▶ _Raw data_:
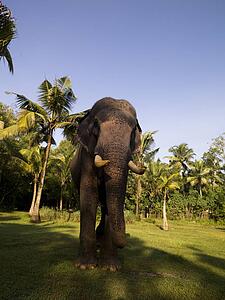 Elephant, Kerala, India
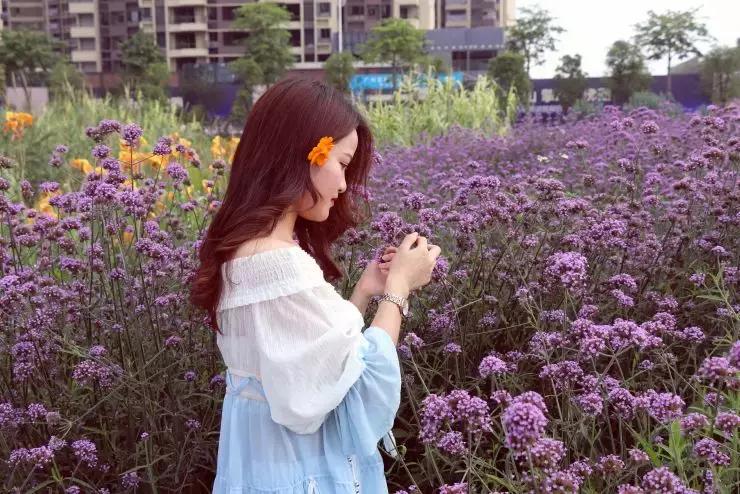 紫色薰衣草海洋,薰衣草花海摩天轮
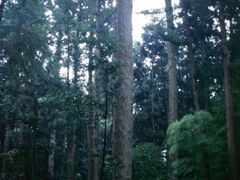 ���[�_�Ђ̃��~�Q���̎ʐ^1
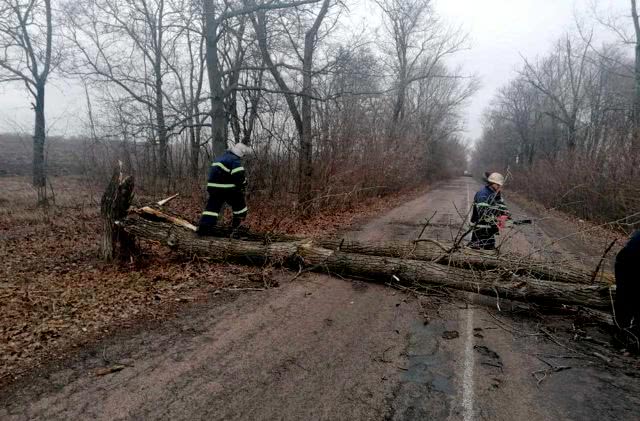 На Николаевщине штормовой ветер валит деревья - помощь в их уборке оказывают спасатели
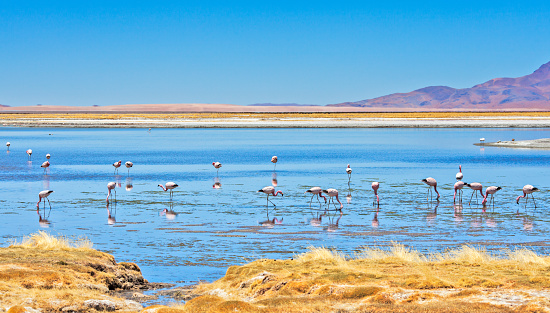 Flamingos feeding at Salar de Tara (Tara Salt Flat) in Los Flamencos National Reserve, Atacama desert, Chile.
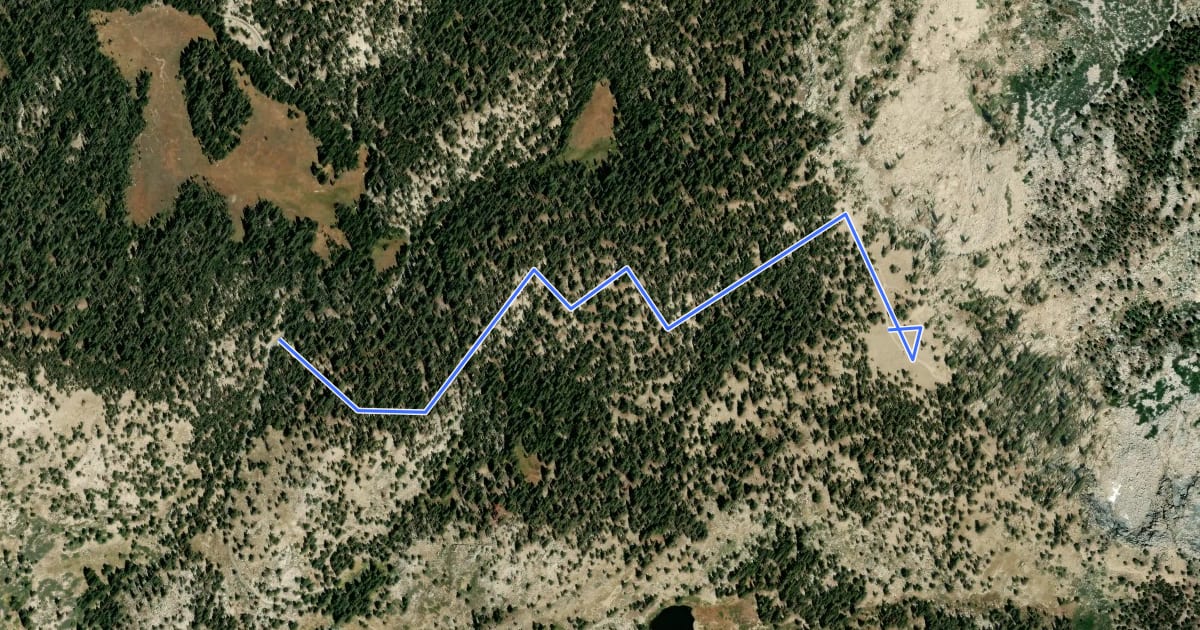 Маршрут White Bark Vista Trail на спутниковом снимке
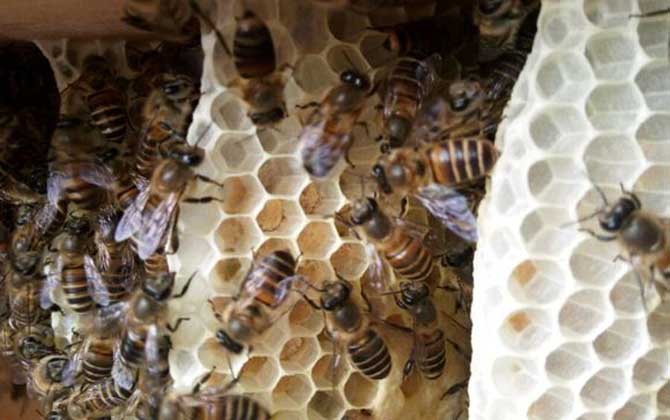 怎样让蜜蜂快速造脾？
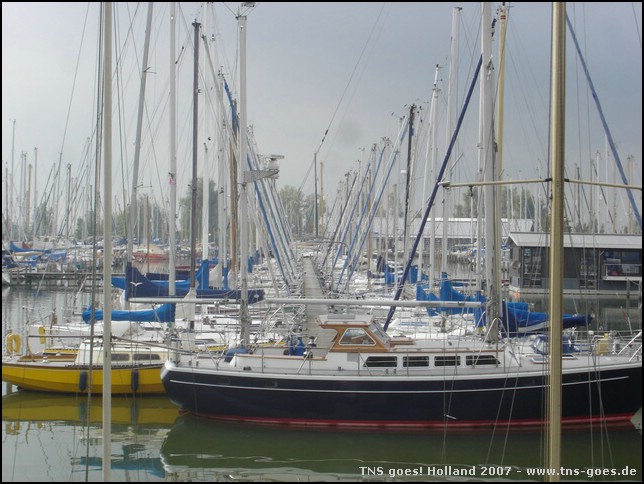 Holland-070922-113140-RH.jpg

▶ _Task_: Beginning with the line that holds "Маршрут White Bark", return each line through the end of the records above exactly. Do not include pictures.

▶ _Completed task_:
 Маршрут White Bark Vista Trail на спутниковом снимке
 怎样让蜜蜂快速造脾？
 Holland-070922-113140-RH.jpg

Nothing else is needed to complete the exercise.